Below is a listing; restate from it, character for character, the lines beginning at the line holding "14K Diamond and .35 Ruby Heart Pendant" and ending at the line holding "Vector flat abstract", both included.

== RECORDS TO USE ==
[Start of section]

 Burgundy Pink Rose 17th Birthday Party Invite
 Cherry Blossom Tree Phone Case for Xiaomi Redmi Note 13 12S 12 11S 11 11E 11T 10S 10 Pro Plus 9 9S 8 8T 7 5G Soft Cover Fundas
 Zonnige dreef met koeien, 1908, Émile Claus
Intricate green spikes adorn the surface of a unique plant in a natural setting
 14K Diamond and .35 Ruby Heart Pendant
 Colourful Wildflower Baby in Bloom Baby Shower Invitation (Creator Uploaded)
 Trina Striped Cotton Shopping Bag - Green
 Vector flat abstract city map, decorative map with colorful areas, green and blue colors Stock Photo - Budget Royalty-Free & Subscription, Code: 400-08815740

[End of section]
[Start of section]

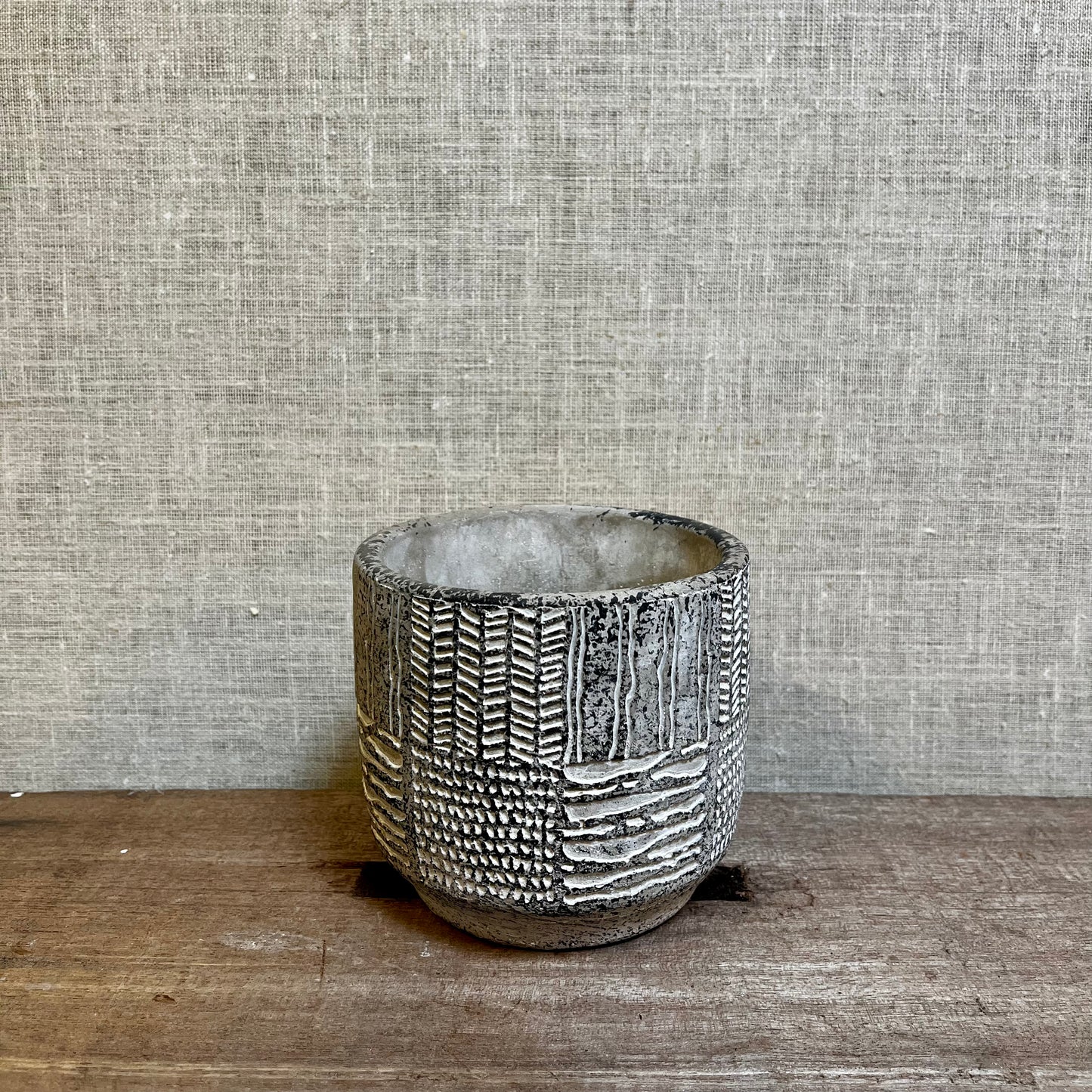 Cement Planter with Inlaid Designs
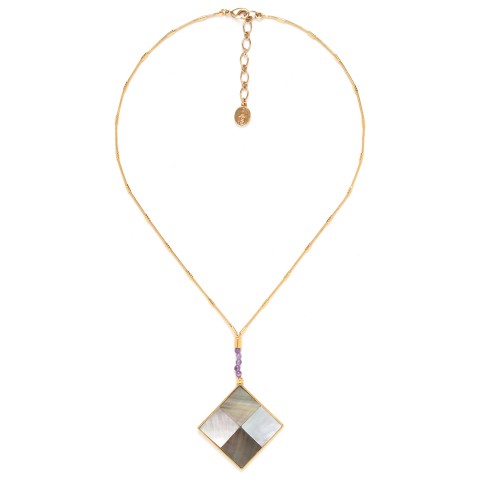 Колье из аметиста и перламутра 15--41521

[End of section]

== SOLVED PROBLEM ==
 14K Diamond and .35 Ruby Heart Pendant
 Colourful Wildflower Baby in Bloom Baby Shower Invitation (Creator Uploaded)
 Trina Striped Cotton Shopping Bag - Green
 Vector flat abstract city map, decorative map with colorful areas, green and blue colors Stock Photo - Budget Royalty-Free & Subscription, Code: 400-08815740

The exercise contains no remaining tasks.